Send back the line that contains "Itens Deco conchas" and all lines following it through the end of the data below, exactly, omitting pictures.

Material supplied:
'''
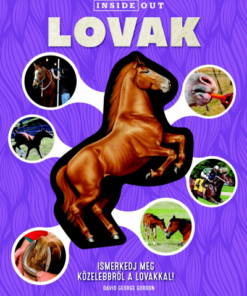Lovak - Ismerkedj meg közelebbről a lovakkal!
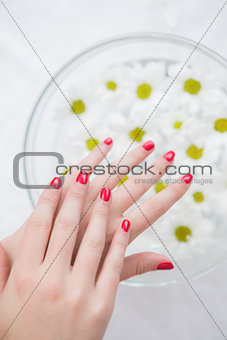 Ted painted finger nails and bowl of flowers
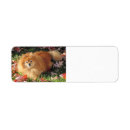 Search for pomeranian dog return address labels Cute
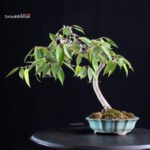 Camellia Japonica Wabisuke - immagine 3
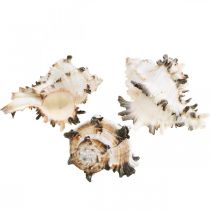 Itens Deco conchas de caracóis listradas, decoração natural de caracóis marinhos 1kg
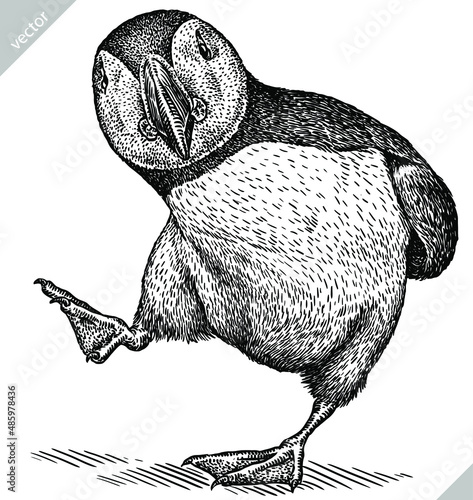 black and white engrave isolated puffin vector illustration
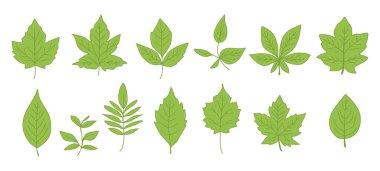 Düz yeşil yapraklardan oluşan bir derleme, beyaz arka planda güzelce gösterilmiş. Doğa temalı tasarımlar ve botanik projeleri için ideal.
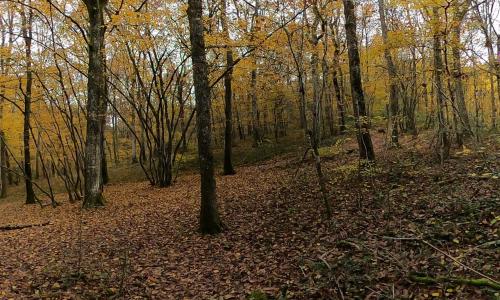 Photo 4 · Sentier Pédagogique Jaune
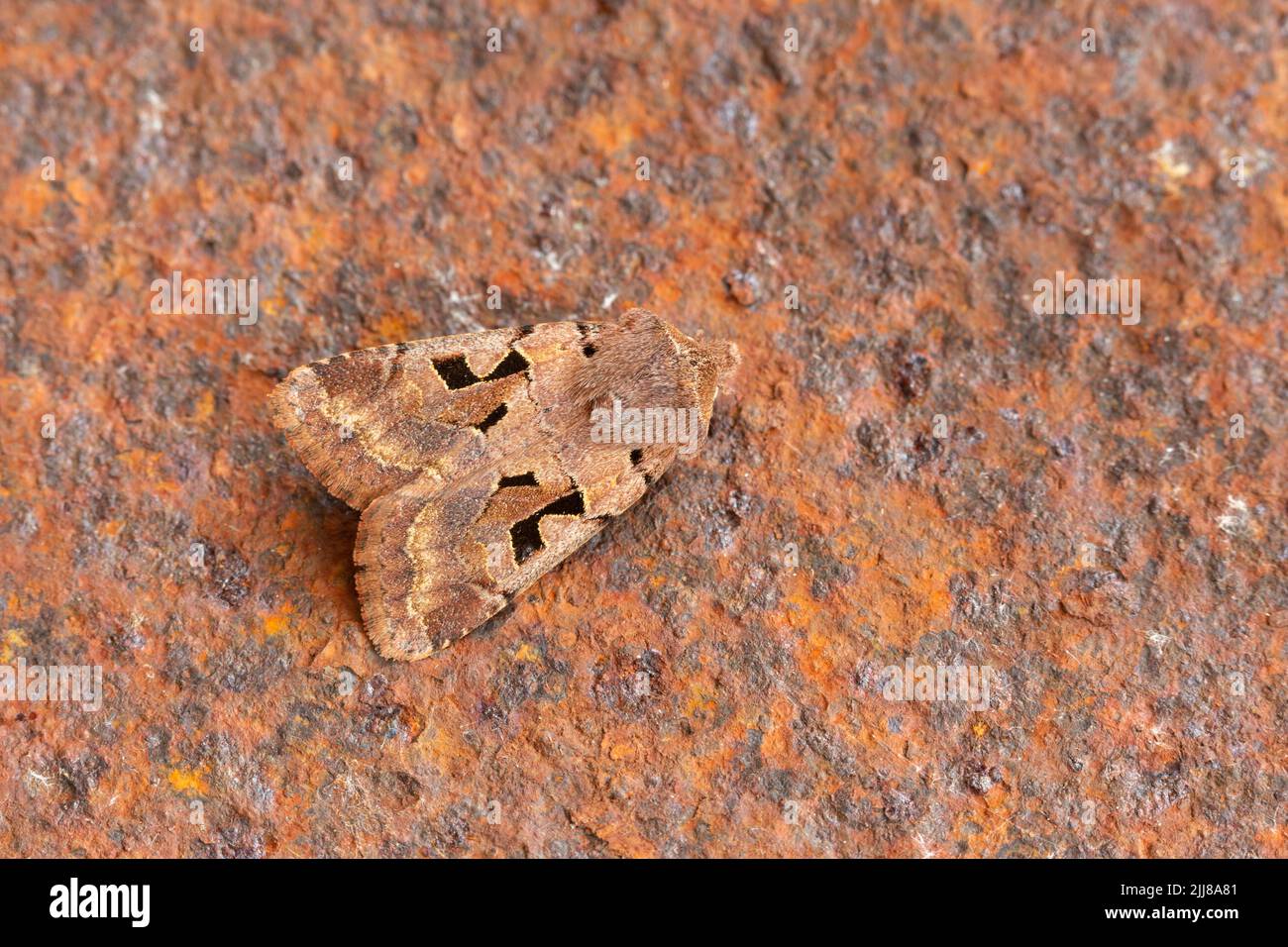 Hebrew character Orthosia gothica, imago, roosting on metal, Weston-Super-Mare, Somerset, UK, April Stock Photo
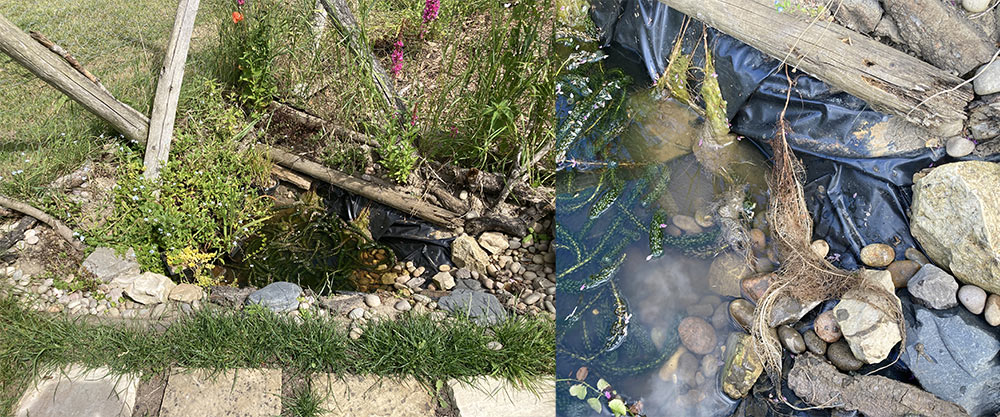 Pond repair
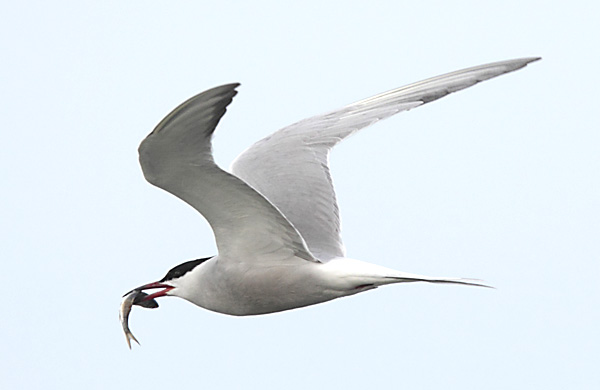 Sterne pierregarin  - Beat Walser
'''
Solution for this problem:
 Itens Deco conchas de caracóis listradas, decoração natural de caracóis marinhos 1kg
 black and white engrave isolated puffin vector illustration
 Düz yeşil yapraklardan oluşan bir derleme, beyaz arka planda güzelce gösterilmiş. Doğa temalı tasarımlar ve botanik projeleri için ideal.
 Photo 4 · Sentier Pédagogique Jaune
 Hebrew character Orthosia gothica, imago, roosting on metal, Weston-Super-Mare, Somerset, UK, April Stock Photo
 Pond repair
 Sterne pierregarin  - Beat Walser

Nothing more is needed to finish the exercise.